Q2 2025 marks a significant turning point in the ransomware landscape, with once-dominant groups declining as emerging players surged to prominence. The widespread exploitation of CVEs by RaaS groups continues to drive ransomware activity at scale, enabling these groups to compromise organizations at consistently high volumes quarter after quarter. As vulnerabilities and shifting group dynamics shape the ecosystem, the following predictions offer insight into what’s likely to come as 2025 progresses:

Automated vulnerability exploitation will continue to drive ransomware growth: The next major ransomware group in Q3 is likely to be the one quickest to exploit a significant initial access vulnerability. Leveraging public POC exploits and automated discovery tools, RaaS groups will identify and compromise vulnerable organizations with speed and precision, maximizing their impact. Organizations can mitigate this risk by prioritizing asset discovery to enable the rapid patching of initial access vulnerabilities.
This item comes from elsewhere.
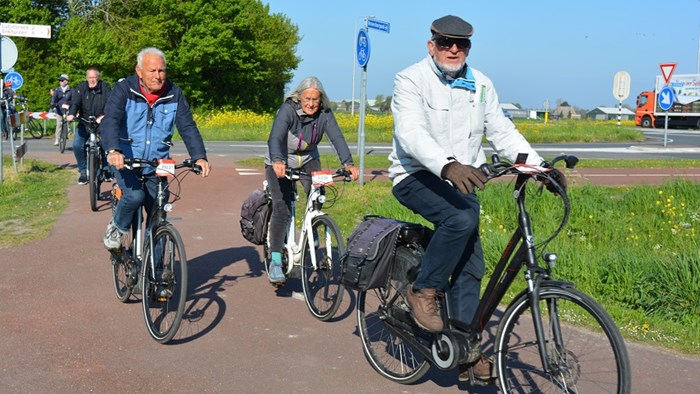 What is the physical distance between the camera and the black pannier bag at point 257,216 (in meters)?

DragonForce’s rise signals a shift in power dynamics: Emerging as a key contender, DragonForce is actively working to establish itself as a leading RaaS group through aggressive tactics like defacing rival data-leak sites, expanding its affiliate network, and compromising an increasing number of organizations. Based on its activity in early 2025, DragonForce is highly likely to secure a spot among the top five RaaS groups in the near future by targeting and attracting affiliates from groups like Lockbit and RansomHub. By coordinating large-scale campaigns, DragonForce has the potential to amplify its impact and further solidify its reputation as a dominant ransomware force.